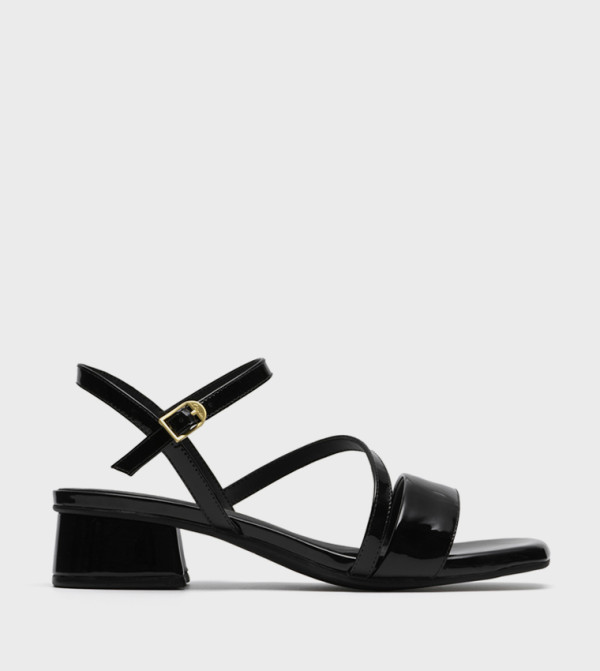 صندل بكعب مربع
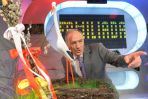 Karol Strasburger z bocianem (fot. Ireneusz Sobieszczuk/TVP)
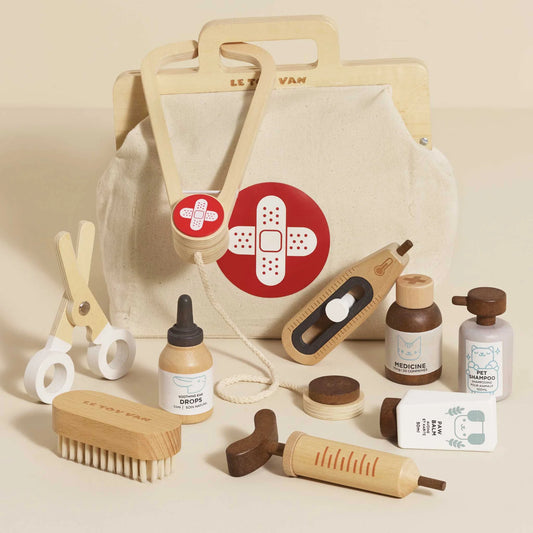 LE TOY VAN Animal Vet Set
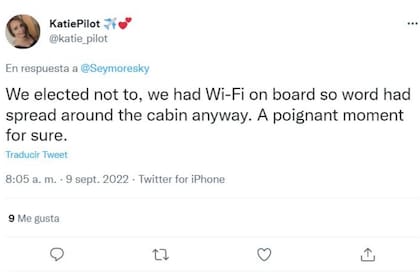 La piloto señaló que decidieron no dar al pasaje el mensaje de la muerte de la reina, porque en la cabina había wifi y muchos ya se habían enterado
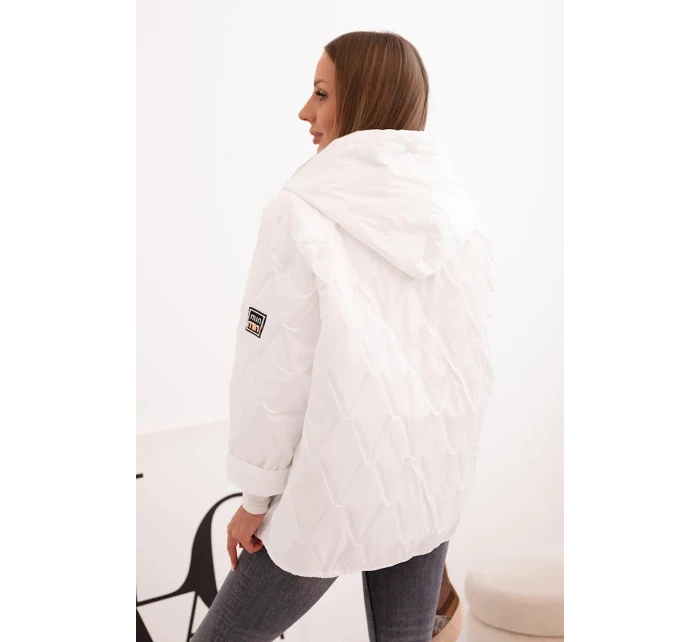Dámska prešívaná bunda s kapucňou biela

§ Task statement
Write the listing out in full, exactly; no images.

§ Expected answer
 صندل بكعب مربع
 Karol Strasburger z bocianem (fot. Ireneusz Sobieszczuk/TVP)
 LE TOY VAN Animal Vet Set
 La piloto señaló que decidieron no dar al pasaje el mensaje de la muerte de la reina, porque en la cabina había wifi y muchos ya se habían enterado
Dámska prešívaná bunda s kapucňou biela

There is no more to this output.